Invéntate historias, niña. Escóndete en el
gallinero y lee en las ventanas. Búscate un abrigo, viértete en sus ojos y mira
dentro, que estas tapias son gruesas y asfixian, niña. Y las manos buscan, y
los brazos visten, y la sombra grita. Invéntate historias, niña.
En los trancos se puede esconder la luz.
Entorchaste mis sueños en cuatro cuerdas y te prendiste en mi pelo como una
peineta de nácar. Y la niña escucha el mar en ella y busca tus ojos. La sombra hiere
y las tardes pasan. En los trancos se esconde la luz pero el miedo grita.

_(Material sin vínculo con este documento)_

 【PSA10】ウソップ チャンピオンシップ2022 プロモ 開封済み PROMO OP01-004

Para subir a la azotea hay que cruzar puertas y sortear vigilancias, el
bufido del gato, subir escaleras…
“(…) Sola.
Tobillos desnudos, aullar de
perro,
La noche, el fuego.”
¿Y por qué no escaparse a la azotea? Descalza sube las escaleras de
mármol cada noche, sin ruidos. Un barreño en la cintura y en los muslos,
enredado, un suspiro color canela. Allí fuera respira. Apoyado el pecho en el pretil, balancea sus
caderas y ve abajo pasar la gente. La casa de la que escapa se arropa a las
faldas de un cerro, horadado y prendido
de pequeñas fogatas.
Se le pegan los brazos a aquellas sábanas sin escurrir que va tendiendo,
mientras del cerro llegan gemidos y un rasgueo de guitarra. Alguien canta,
palmeos y se prende otra fogata. Se le caen las manos y llora.

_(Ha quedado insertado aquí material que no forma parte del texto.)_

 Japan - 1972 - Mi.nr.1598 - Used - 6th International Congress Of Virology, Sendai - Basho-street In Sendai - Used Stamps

Una azotea pequeña y cuadrada, un tendedero, la luz que sube del patio,
ruidos de una cocina y unos dedos, sin chasquidos, aferrados al borde de una
tapia de algodón, azulada y húmeda, como ella. Y en las fogatas se ríen. Ella
escapa a la luna, huye de la luz blanquecina del patio, de los zapatos, de su
blusa, de su cama, escapa. Y en las fogatas ríen.
Azotea pequeña y cuadrada donde los tobillos mandan y la sacuden. Se
seca los ojos, se araña la cara, los tobillos se parten y sus manos escapan, de
la luna al cerro, de las caderas al pecho, y baila, y gime y se prende… y en la
danza se yergue como una llama y graba su silencio en el suelo, lápida lechosa
de una azotea muerta, pequeña y cuadrada.
“(…) me mezco, te mezco,
Te arrullo y me espero.
Margaritas, el mar, azules,
Un mástil, el puerto, gaviotas y
espero.
Sus risas, sus juegos, la luz.
La lluvia, la higuera, la luna y
me mezco,
Me arrullo, me duermo y te
espero (…)
La niña juega descalza y desde el vaivén de madera, sonrío viéndola
ahí, llenando de risas las escaleras del porche.
Chasqueo mis dedos y recupero rizos y fandangos. Me estallan los besos
en la boca y río. Él dibuja y yo adormezco. No hay tapias que arañen, ni
gallineros, ni gatos, ni telones de algodón. No hay sábanas que empapen ni
tobillos que se quiebren. Me duermo y te espero.